Moneybox

The Strange Durability of Big Law

I loved Noam Scheiber’s piece on the end of Big Law and the enormous stresses on America’s white-shoe law firms. Something worth adding to his analysis: One reason the traditional law-firm business model is collapsing is that it honestly never made much sense in the first place.

After all, why should lawyers work for law firms that are owned and controlled by partners and staffed primarily by associates who hope that if they work hard they can make partner? Almost anyplace else you look, a large business is going to be owned by shareholders, managed by managers, and staffed by employees. People sometimes assume that the legal profession is organized the way it is because of something having to do with the economics of legal services. But there’s no business reason for it. Or, rather, there’s the best business reason there can be—lawyers work for firms that are owned and managed by by lawyer-partners because it’s generally been illegal to have a legal services firm that’s not organized that way.

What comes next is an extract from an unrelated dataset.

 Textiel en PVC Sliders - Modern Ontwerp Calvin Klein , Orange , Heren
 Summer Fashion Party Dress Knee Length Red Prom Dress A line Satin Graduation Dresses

Lawyers can (and often do) work for a company that’s not lawyer-owned as an in-house counsel. But you can’t have LawCo Inc listed on the New York Stock Exchange, headed up by a CEO, and just employing a bunch of lawyers.

So part of what’s happening in the legal profession is that demand for its services seems to be declining even as the number of law-school graduates has risen. That’s tough in any business. But the legal business is unusual in having been sheltered by custom and by law from adopting standard forms of doing business. The economic stresses on the industry haven’t repealed those laws, but they are pressuring the industry to rationalize. But while the pace of change obviously seems furious to the people at the center of the storm, the genuinely remarkable thing is how long the Big Law model has lasted—not the fact that it’s fading away.